What makes me more confused is that there is a judgment about oom in the code later to avoid using an incomplete stack.
/* Don't try node compression if our nodes pointers stack is not * complete because of OOM while executing raxLowWalk() */ if (trycompress && ts.oom) trycompress = 0;
Because ts is incomplete, the parent-child relationship is actually unclear, so it can't be compressed.
Comment From: wudilun123
Assume that the current tree structure is a->b->c->d->e, and you want to delete the string "abcde." After executing this code, b c d e is cleaned up normally:
if (h->size == 0) {
debugf("Key deleted in node without children.

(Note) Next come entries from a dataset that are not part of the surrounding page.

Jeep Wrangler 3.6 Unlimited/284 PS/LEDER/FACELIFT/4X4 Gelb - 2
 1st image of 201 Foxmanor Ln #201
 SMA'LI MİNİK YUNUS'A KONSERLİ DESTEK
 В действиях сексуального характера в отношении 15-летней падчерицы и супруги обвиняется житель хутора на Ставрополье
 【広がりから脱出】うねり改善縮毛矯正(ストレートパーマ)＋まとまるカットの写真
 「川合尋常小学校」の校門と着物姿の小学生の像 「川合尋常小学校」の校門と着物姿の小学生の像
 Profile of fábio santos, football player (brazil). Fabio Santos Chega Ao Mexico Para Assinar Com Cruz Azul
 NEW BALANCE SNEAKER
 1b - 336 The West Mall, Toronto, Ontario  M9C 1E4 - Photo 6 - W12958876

Cleanup needed.\n");
raxNode *child = NULL;
while(h != rax->head) {
child = h;
debugf("Freeing child %p [%.*s] key:%d\n", (void*)child,
(int)child->size, (char*)child->data, child->iskey);
rax_free(child);
rax->numnodes--;
h = raxStackPop(&ts);
/* If this node has more then one child, or actually holds
* a key, stop here. */
if (h->iskey || (!h->iscompr && h->size != 1)) break;
}
But if you get an incomplete stack after oom, only a & b in the stack. In this case, b &e will be cleaned up after the above code executed, c & d are still there and we lose the reference to node c (it has no chance to free).
Although it doesn't affect the use of redis, I think a possible solution is to move the oom judgment to the beginning of raxRemove, like:
int raxRemove(rax *rax, unsigned char *s, size_t len, void **old) {
...
size_t i = raxLowWalk(rax,s,len,&h,NULL,&splitpos,&ts);
if (ts.oom || i != len || (h->iscompr && splitpos != 0) || !h->iskey) {
raxStackFree(&ts);
return 0;
}
Comment From: sundb
@wudilun123 If the structure is a->b->c->d->e, then the abc and abcd nodes exist and are not deleted after deleting abcde. If they don't have a key, the structure would be head -> abcd
Comment From: wudilun123
Thank you for your reply~ If the structure likes this, abc is a key but ab is not:
(gdb) call raxShow($r)
[a] -> [bd]
`-(b) [c] -> []=(nil)
`-(d) []=(nil)
Now call raxRemove to delete node abc, assume that we get an incomplete stack without node ab. Func raxStackPop will return node a after freeing node abc, which results in a mismatch between parent and child. After that, we call raxRemoveChild and get stuck in a dead loop, because parent node a doesn't have child node abc:
/* 2. Search the child pointer to remove inside the array of children
* pointers. */
while(1) {
raxNode *aux;
memcpy(&aux,c,sizeof(aux));
if (aux == child) break;
c++;
e++;
}
Comment From: sundb
@wudilun123 you're right, in theory it's possible. maybe you can make a unittest to test it if you want. btw, the default static stack size if RAX_STACK_STATIC_ITEMS(32), so to test it we need to fake a rax that go deeper than 32, then manually randomize to make it go OOM.